Pro Tip: Work with a PRO

If you have access to more experienced people to train and supervise others, USE THEM. Empower them to take the lead and be another set of eyes and experience to help your production run smoothly and so you can focus on your vision as a director.  

Directing your crew during production

Directing an inexperienced cast and crew often requires more time and more patience, but that doesn’t mean the end result needs to suffer.

Once you’ve laid the groundwork of educating your crew on the equipment and their responsibilities, now it’s time to work with them the day of the shoot. As the director you are the captain of this ship, so you need to make sure that you clearly communicate what needs to be done and when.

You will have to reiterate information and responsibilities, but it’s important that you account for those breakdowns in communication — they will definitely happen.

A first time crew may not know how long a production day is or how tiring it can be.

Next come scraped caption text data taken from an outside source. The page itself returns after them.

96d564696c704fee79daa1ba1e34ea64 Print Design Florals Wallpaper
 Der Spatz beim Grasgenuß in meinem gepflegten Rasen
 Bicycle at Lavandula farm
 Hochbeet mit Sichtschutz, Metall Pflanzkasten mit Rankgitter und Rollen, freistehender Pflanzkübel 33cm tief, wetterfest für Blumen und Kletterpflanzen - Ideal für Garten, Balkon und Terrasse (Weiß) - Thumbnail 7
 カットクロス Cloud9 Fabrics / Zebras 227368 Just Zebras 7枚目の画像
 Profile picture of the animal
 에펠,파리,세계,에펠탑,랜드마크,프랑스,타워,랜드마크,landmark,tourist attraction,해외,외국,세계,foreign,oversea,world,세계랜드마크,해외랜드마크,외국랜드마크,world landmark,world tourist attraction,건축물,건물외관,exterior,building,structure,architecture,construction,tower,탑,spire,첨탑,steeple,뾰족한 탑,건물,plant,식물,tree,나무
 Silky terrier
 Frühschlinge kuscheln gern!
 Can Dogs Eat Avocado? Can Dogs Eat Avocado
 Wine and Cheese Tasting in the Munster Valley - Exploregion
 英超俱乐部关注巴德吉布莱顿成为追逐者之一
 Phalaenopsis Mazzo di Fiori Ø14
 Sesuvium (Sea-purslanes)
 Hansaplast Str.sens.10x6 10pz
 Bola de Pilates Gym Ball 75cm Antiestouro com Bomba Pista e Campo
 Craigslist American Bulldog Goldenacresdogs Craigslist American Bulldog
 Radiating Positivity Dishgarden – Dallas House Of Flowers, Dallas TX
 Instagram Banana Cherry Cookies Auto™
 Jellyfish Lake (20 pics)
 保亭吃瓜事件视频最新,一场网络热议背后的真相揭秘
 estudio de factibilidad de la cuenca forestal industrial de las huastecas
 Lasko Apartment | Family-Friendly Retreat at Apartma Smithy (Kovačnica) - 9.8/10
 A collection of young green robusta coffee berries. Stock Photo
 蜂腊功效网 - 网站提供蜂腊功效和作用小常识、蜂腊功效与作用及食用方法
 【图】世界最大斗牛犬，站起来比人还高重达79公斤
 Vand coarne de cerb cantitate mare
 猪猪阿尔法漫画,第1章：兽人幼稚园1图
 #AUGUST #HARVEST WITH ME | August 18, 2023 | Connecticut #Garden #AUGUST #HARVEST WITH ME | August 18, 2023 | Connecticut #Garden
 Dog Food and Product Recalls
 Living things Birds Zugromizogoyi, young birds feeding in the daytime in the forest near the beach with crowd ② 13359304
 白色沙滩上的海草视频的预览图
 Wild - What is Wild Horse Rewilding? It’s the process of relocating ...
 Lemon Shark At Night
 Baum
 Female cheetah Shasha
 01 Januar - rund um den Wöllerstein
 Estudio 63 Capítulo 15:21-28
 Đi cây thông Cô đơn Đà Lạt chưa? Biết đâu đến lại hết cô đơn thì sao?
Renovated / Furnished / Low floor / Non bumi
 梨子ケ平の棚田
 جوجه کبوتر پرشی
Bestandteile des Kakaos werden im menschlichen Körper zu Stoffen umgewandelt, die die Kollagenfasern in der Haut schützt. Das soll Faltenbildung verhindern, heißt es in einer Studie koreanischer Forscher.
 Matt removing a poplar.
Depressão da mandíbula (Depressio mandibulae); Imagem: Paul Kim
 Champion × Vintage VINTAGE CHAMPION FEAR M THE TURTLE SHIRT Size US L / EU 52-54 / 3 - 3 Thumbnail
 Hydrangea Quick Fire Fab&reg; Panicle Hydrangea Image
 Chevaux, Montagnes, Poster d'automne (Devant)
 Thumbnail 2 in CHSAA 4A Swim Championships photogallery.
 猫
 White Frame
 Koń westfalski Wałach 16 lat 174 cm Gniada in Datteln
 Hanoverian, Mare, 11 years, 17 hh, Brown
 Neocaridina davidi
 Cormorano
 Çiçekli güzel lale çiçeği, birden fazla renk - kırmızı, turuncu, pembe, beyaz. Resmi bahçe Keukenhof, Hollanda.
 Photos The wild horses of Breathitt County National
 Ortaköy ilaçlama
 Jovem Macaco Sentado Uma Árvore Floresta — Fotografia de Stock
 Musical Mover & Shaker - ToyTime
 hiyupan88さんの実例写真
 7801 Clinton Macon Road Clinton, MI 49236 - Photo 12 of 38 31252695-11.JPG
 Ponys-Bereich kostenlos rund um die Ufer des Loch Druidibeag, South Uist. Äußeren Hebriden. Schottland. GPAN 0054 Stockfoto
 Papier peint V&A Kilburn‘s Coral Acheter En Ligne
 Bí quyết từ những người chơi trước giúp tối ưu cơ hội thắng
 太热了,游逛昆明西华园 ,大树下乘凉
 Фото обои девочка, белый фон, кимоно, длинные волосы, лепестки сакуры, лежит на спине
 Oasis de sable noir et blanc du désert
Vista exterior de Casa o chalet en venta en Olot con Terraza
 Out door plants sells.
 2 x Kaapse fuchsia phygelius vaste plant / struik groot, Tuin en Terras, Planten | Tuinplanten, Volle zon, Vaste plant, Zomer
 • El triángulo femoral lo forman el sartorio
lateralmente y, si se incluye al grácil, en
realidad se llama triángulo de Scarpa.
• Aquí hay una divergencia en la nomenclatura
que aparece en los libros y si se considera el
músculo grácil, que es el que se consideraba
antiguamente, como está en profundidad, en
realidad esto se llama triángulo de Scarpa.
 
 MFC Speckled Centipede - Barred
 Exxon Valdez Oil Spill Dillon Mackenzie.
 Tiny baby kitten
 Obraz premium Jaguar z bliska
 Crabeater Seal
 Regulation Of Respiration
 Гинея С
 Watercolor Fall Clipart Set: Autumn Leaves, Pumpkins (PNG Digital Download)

A first time crew may not know how long a production day is or how tiring it can be. Be sure you communicate these expectations up front by having a call sheet with a layout of the day ready for them. This will help manage expectations of the day and reassure the crew that there is an end in sight.

Pro Tip: FEED YOUR CREW

If you can’t pay your crew, you can at least feed them. A well-fed crew will work 10x harder for you than a crew you’re not paying AND not feeding. Have snacks and drinks available throughout the day and don’t forget about lunch too. You can never go wrong with pizza.

Conclusion

Directing a crew takes a lot of work. Even when working with professionals, it takes a lot of communication, patience, and trust. The same goes with a crew with little to no experience, only more so. Working with an inexperienced crew is a learning process and one that takes a director who is willing to take the time to train, communicate, and find the right group of people to come together to bring your vision to life.